Driving a Powerful Future
Power Systems roadmap offers clear, consistent execution
Illustration Marco Ventura
Companies draft technology roadmaps to tell their customers what problems a new product will solve, how development is proceeding and when they can expect that product to be released. The roadmap should be stable enough to synchronize short- and long-term development goals, as well as respond to sudden marketplace shifts. “You can’t sell a computer in this industry without a roadmap,” says Brad McCredie, IBM vice president in charge of POWER* chip development for IBM systems. “The trick is to have the credibility and ability to execute behind it.” CIOs know that when companies refuse to release roadmaps or deviate too far from them, they take a bigger risk in investing in those products. They may incur expensive downtime while they wait for an upgrade, for example, or suddenly be confronted with development, support and pricing decisions from their supplier that hinder their own strategic plans.
Recent upheavals in the enterprise server market have left CIOs uncertain about their future migration paths—from pricing to support to the continued availability of mission-critical hardware and software. Yet pressures are greater than ever for CIOs to guarantee performance and reduce total cost of ownership (TCO) to deliver on their business plans. To address this uncertainty, according to news reports and industry analysis, CIOs are turning to IBM, whose proven Power Systems* roadmap will deliver performance and on-time reliability. In the second quarter, for example, IBM took 285 competitive UNIX* replacements—about two-thirds of which migrated from Oracle Sun servers.

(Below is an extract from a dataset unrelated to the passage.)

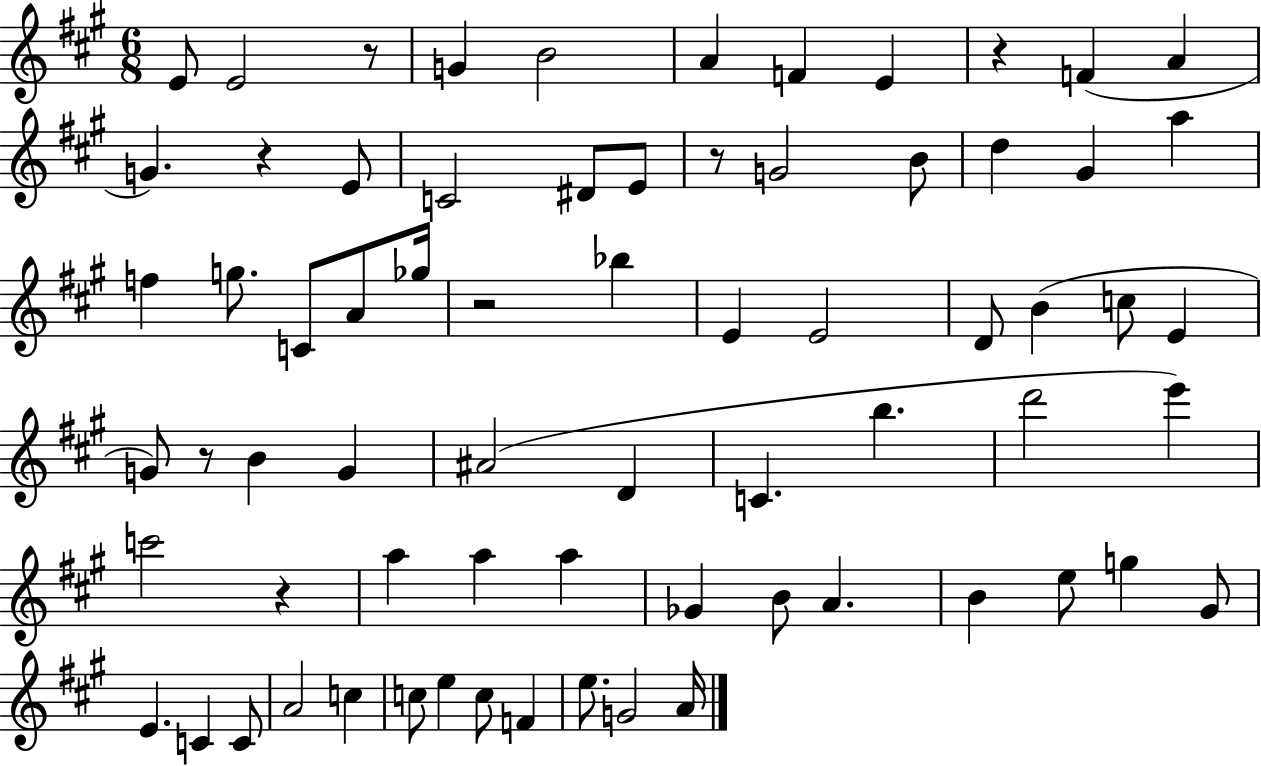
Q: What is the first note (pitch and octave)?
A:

“The stability of roadmaps and the certainty of supply is very important in the data-processing business,” McCredie says. “We were already doing a healthy migration business, but after the Oracle-Sun merger, and again at the release of the POWER7* chip, migrations from Sun to Power systems doubled.” As CIOs survey the landscape, McCredie says, they see that IBM not only offers the performance and flexibility they need, but also a proven track record of execution. “Looking to the future, our Power roadmap will be like the one in the past,” McCredie says. “We’ll hit our execution mark every time, on time, as promised” (see Figure 1).